Федоров минуту помолчал. Он успел заново пересмотреть свою позицию. После стольких репетиций он вдруг понял, что избрал совершенно неправильный путь. Его история началась задолго до школы. Она началась еще до оперы, хотя опера тоже сыграла свою роль. Он решил начать свой рассказ с самого начала. Мысленно он представил себя в России, ребенком, который карабкается по черной лестнице в квартиру, где в те времена жила его семья. Он придвинулся ближе к Роксане. Он прикидывал, в каком направлении находится отсюда Россия.

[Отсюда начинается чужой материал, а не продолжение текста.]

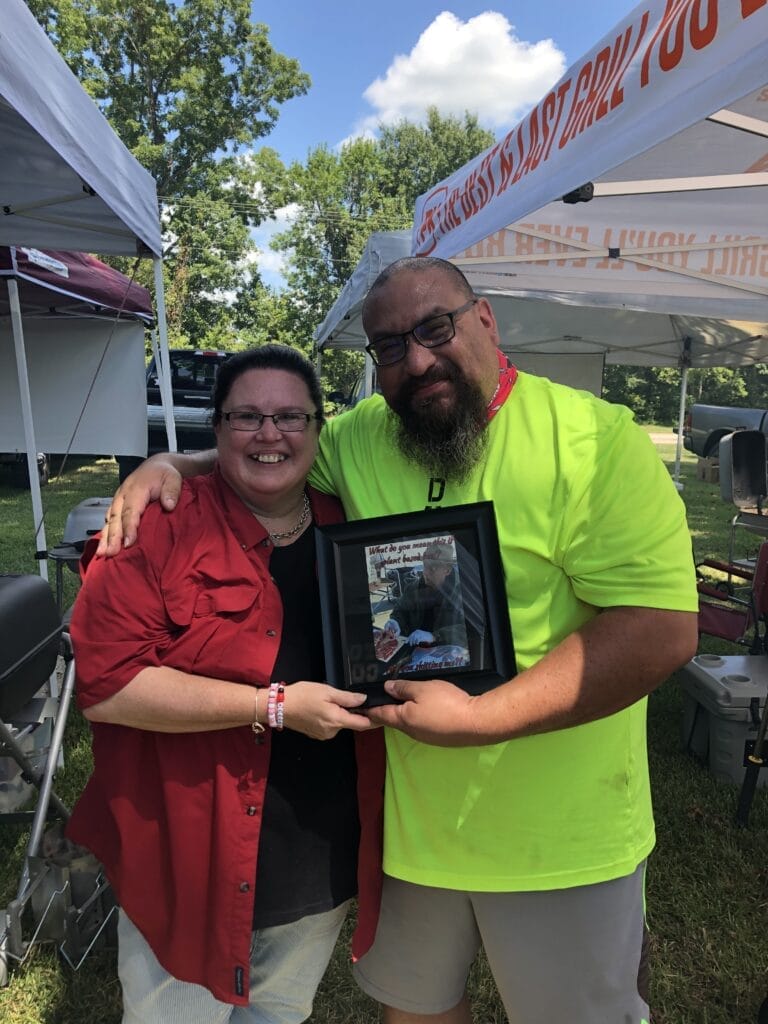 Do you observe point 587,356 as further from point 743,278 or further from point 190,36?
point 190,36

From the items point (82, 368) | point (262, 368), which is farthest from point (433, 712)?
point (82, 368)

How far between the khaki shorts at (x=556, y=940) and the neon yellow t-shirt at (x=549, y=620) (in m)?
0.07

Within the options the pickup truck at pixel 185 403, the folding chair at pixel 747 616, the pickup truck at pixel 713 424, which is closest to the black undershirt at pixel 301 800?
the folding chair at pixel 747 616

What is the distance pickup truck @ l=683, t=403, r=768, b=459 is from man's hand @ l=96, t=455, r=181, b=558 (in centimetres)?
1631

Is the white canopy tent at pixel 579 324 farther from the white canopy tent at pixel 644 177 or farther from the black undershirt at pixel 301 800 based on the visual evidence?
the black undershirt at pixel 301 800

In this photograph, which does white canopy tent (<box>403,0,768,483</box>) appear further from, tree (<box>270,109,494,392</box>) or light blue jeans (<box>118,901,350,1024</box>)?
tree (<box>270,109,494,392</box>)

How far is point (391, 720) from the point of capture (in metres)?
1.26

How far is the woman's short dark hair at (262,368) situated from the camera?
5.05ft

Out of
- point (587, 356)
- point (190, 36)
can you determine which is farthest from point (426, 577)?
point (190, 36)

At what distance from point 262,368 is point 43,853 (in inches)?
77.5

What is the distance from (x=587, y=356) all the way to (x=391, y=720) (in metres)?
11.7

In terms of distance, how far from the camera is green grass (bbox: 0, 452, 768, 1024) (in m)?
2.25

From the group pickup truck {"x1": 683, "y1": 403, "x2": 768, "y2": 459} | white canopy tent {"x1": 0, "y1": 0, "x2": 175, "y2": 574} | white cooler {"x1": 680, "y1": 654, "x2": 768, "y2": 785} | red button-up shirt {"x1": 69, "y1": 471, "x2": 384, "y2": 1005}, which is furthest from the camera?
pickup truck {"x1": 683, "y1": 403, "x2": 768, "y2": 459}

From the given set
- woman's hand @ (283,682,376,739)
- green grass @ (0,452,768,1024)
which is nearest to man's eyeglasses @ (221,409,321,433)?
woman's hand @ (283,682,376,739) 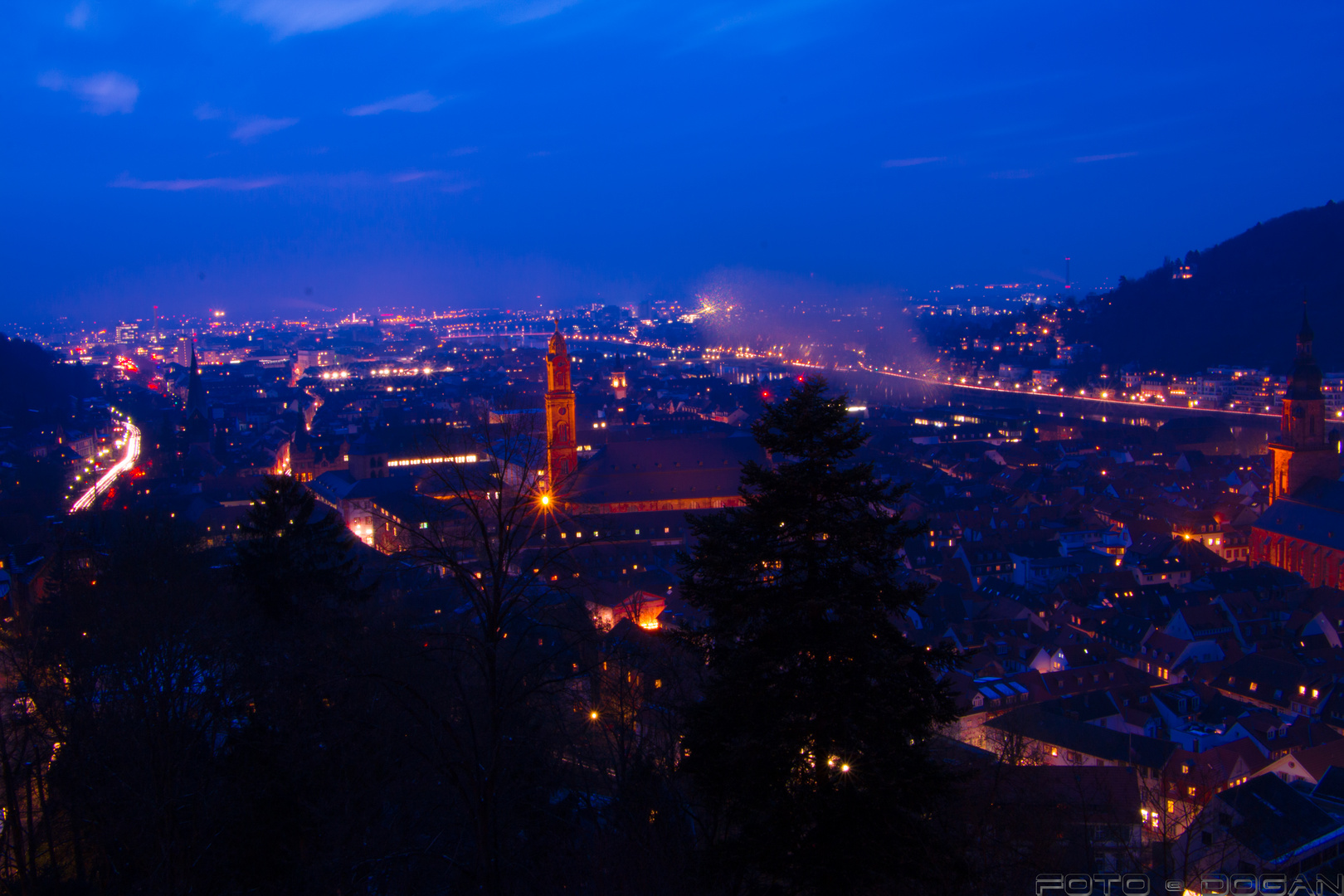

– Когда я был мальчиком, город, в котором я жил, назывался Ленинград. Но вы это знаете. Еще раньше он назывался Петроград, но это название никому не принесло счастья. Все считали, что городу лучше иметь либо исконное название, либо уж совсем новое, а не гибрид того и другого. В то время моя семья жила вместе: мама, папа, два моих брата, я и бабушка, мать моей мамы. Так вот, у бабушки была книга с картинками. Очень толстая книга. – Федоров руками показал, какого размера была книга. По его жесту можно было предположить, что книга была исполинских размеров. – Бабушка рассказывала, что книгу ей подарил один ее поклонник из Европы, когда ей было пятнадцать лет. Этого человека звали Юлиан. Не знаю, правда ли это. Моя бабушка была большой мастерицей рассказывать всякие истории. Тот факт, что она сохранила эту книгу во время всех войн и катаклизмов, всегда меня поражал. Она не продала ее во время голода и не сожгла в печке, когда не было дров, потому что у нас бывали времена, когда люди сжигали все, что горит, чтобы спасти себя от холода. Удивительно и то, что книгу у нее не отобрали во время гонений, хотя спрятать ее было очень трудно. Когда я был мальчиком, война давно закончилась, и бабушка была уже старой женщиной. Она не ходила по музеям. Мы гуляли с ней возле Зимнего дворца, но внутрь никогда не заходили. Надо полагать, что для этого у нас не было денег. Зато бывали вечера, когда она приказывала мне и моим братьям вымыть руки и после этого вытаскивала свою книгу. До десяти лет мне не разрешалось даже дотрагиваться до ее страниц, но я все равно мыл руки – только для того, чтобы удостоиться чести ее смотреть. Она хранила свое сокровище под диваном, на котором спала, завернутым в стеганое одеяло. Так вот, когда она удостоверялась, что стол совершенно чист, мы клали на него одеяло и медленно разворачивали. Потом она садилась. Она была маленькой женщиной, а мы выстраивались вокруг нее. Она очень щепетильно относилась к свету, падающему на страницы. Он ни в коем случае не должен был быть слишком ярким, потому что, по ее мнению, от яркого света могут выцвести краски. Поэтому она оставляла такой слабый свет, что мы едва могли как следует рассмотреть иллюстрации. Она надевала белые нитяные перчатки – совершенно чистые, потому что они использовались только для переворачивания страниц. Можете вы себе это вообразить?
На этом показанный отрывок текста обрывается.